If you just read that, it makes literally no sense to write that "Contrary to Hoel, it is not difficult to figure out the sample sizes of the students or how they were recruited, Roe tells us:”
In fact, it makes even less sense because you appear to not comprehend what Roe herself wrote, and in the very passage you're quoting! For you also bolded “succeeded in getting only 10" as if that was the information you figured out about sample size. Let’s have that on record. Because this number is wholly irrelevant. It's not the sample size. Go re-read the paragraph. Roe says she attempted to get graduate students, and got only 10, and she couldn’t tell how they were selected. So then she dropped the idea altogether, and didn't use those scores at all (it's just backstory) until she heard about testing and the draft, and redoubled her efforts on her work. Then, later, someone “arranged to give the test to all students matriculating at Teachers College, Columbia, for a PhD that February” and that’s the unknown-sized sample that she used in the book, the one to which she compared the scores on her make-shift test (exactly as I wrote).

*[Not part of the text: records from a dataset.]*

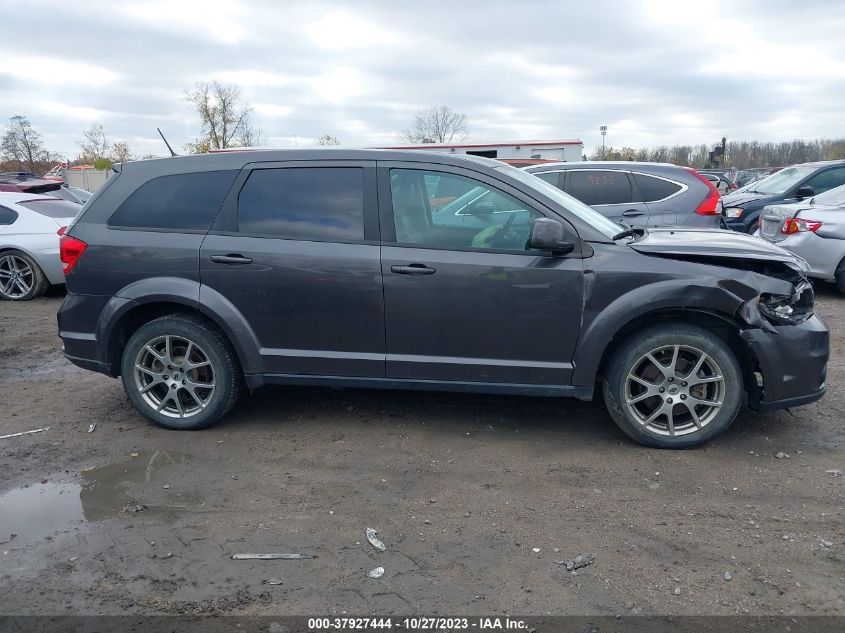 2018 DODGE JOURNEY GT - 3C4PDDEG5JT335985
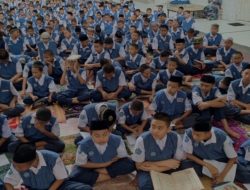 SMPN 5 Makassar Gelar Pesantren Kilat Ramadan, Fokus pada Pembinaan Ibadah dan Ukhuwah Siswa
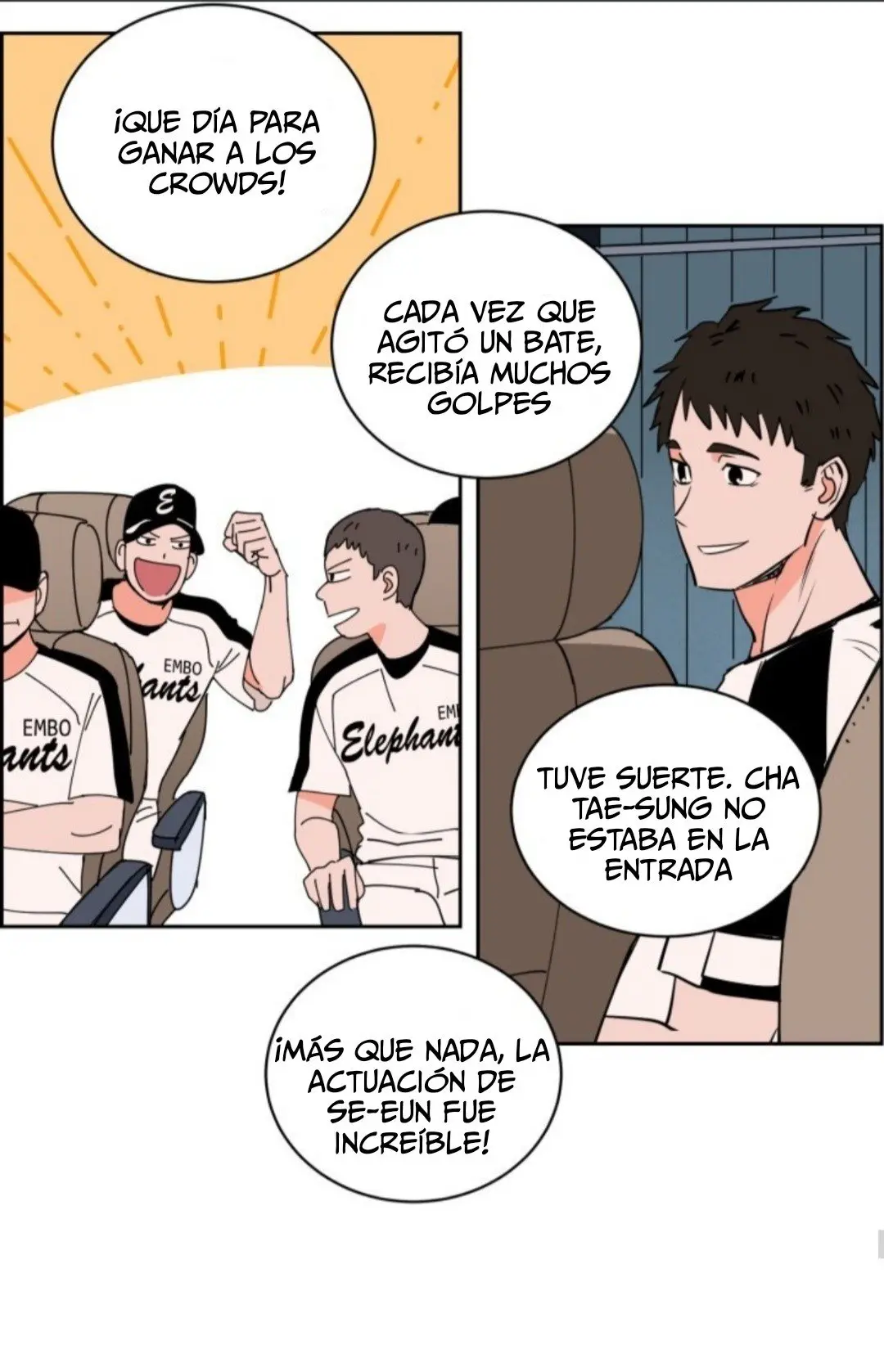 Punto Ideal (Sweet Spot) (2018) - Capítulo 34 - Página 22 - LectorTMOo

So a correct reading comprehension of Roe's passage here should tell us that, unless we can figure out exactly how many students were matriculating at Teachers College, Columbia, for a PhD, in a February of an unknown year sometime around the 1940s or 1950s, then yeah, the sample size of the class is unknown (and even if this number could be tracked down today, or you look at averages of classes, the sample size is not in the uploaded book, so the sentence is true regardless). That's just what she wrote. And what I wrote. Correctly. About what she wrote. But that's not what you wrote.
Overall, happy you took the time, appreciate the effort, but unhappy about the failures of reading comprehension for both me and Roe. That sort of thing would need to get resolved before we move to things like:
(a) Does pulling out the Flynn effect to explain why the past Nobel Prize winners scored so average on questions we find easy today ring convincing, or does it just show off how bad and nonsensical the IQ-to-genius literature is ? (e.g., the Flynn effect is mostly driven from rising averages, not PhD students and intellectuals - go read an older popular novelist and marvel at the vocabulary compared to today!)

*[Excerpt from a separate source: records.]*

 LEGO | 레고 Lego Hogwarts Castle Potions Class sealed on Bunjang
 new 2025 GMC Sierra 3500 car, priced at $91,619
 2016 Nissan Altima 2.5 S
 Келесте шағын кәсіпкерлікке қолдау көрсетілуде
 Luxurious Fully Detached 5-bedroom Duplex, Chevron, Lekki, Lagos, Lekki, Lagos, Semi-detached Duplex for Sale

(b) Does one graph on IQ and income (the one you show) overrule the other graph (the one I show) and ends the debate, or can I just flash my other graph in return, and so on for eternity?
(c) Is quoting the abstract of a paper I criticized for overstating its case in the abstract, and then reporting essentially the opposite in the results, convincing?
And so on.
His general advice to distrust claimed high scores for specific, DEAD humans is good, too. - Adding deviations seems legit - though not highly accurate (I did a test once, where I allegedly scored 2 sd above the avg. of young teachers --- well, I just assume teachers are not much above the mean)
The Flynn-logic seems less convincing: a) Saying (stupidly) Einstein had an "IQ of 160", is meant as: he would score that, if he did one now. Not: "Today his score would be merely 120, but with that kind of smart he was a brightest candle on the cake in 1905." (Btw; who would expect Einstein to score very high on verbal test-parts? ) . Hoel gave just one example of an item, you quoted it, His claim: not a great item for high-IQ-testing. I agree, even if most folks in 1940 sucked at antonyms. Where to find the whole list of items?
Then again: in the middle ages it was admired as a rare feat of the highest erudition if one could read: silently. (And I met an Arab Professor of German, who could not do so. In German, at least). Flynn all the way down.